# 1. NB

### Produkt
Based on news headlines from a day, we want to develop a model that is able to predict whether the closing price will rise or fall.

Antagelse: Title udkom inden Closing, så Title påvirker dagens CP.

Step 1: Define sentiment in headlines
- Use a model from huggingface


###

In [2]:
#Library imports
import pandas as pd
from transformers import pipeline


In [80]:
#Importing and investigating the data
data = pd.read_csv('data.csv')
data.head(3)

Unnamed: 0,Title,Date,CP
0,"JPMorgan Predicts 2008 Will Be ""Nothing But Net""",2008-01-02,1447.16
1,Dow Tallies Biggest First-session-of-year Poin...,2008-01-02,1447.16
2,2008 predictions for the S&P 500,2008-01-02,1447.16


In [27]:
#Use finbert model, found on HuggingFace
classifier = pipeline("text-classification", model="ProsusAI/finbert")

results = []

last_price = data.iloc[0]['CP'] #This variable is used for calculating the price difference from day to day
previous_date = data.iloc[0]['Date']

for index, row in data.iterrows():
    """
    This for loop extracts the sentiment from the headlines
    
    Each headline is then awarded a sentiment score: Positive (+) for positive sentiment, 0 for neutral and Negative (-) for negative sentiment
    The score in this reflects how sure the model is.
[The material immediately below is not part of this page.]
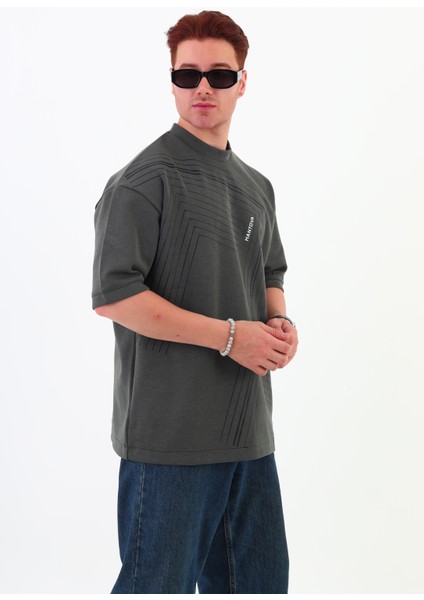 Siyah Çizgili Mevsimlik Unisex T-Shirt modelleri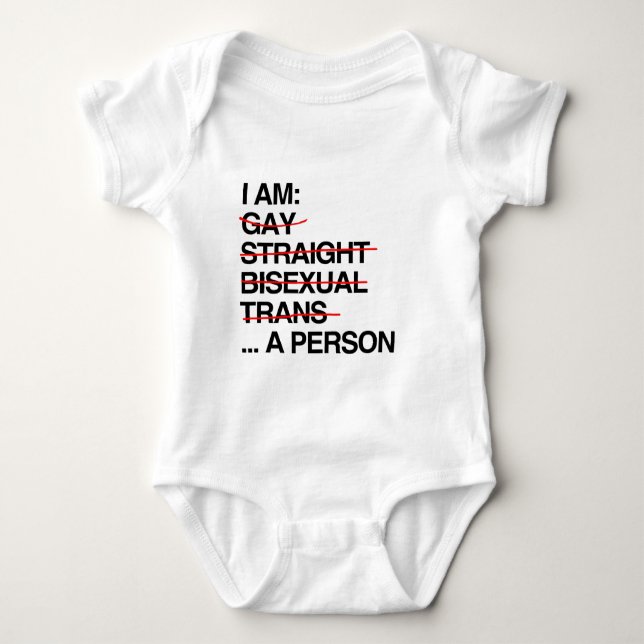 I AM A PERSON BABY BODYSUIT (Front)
If there are more than one headline per day, the scores are aggregated to mean in a later step
    """
    if index < 2000:
        output = classifier(row['Title'])

        label = output[0]['label']
        score = output[0]['score']

        #Assign sentiment score (- if negative, + if positive)
        if label == 'negative':
            sentiment_score = -score
        elif label == 'neutral':
            sentiment_score = 0
        elif label == 'positive':
            sentiment_score = score      

        price_difference = row['CP'] - last_price

        price_difference_percentage = ((row['CP'] - last_price) / last_price) * 100

        results.append([row['Date'], sentiment_score, price_difference, price_difference_percentage])

        #If the next Date is different, change the last_price variable
        if row['Date'] != data.iloc[index +1]['Date']:
            last_price = row['CP']

df = pd.DataFrame(results, columns=["Date", "Score", "Total price difference", "Percentage price difference"])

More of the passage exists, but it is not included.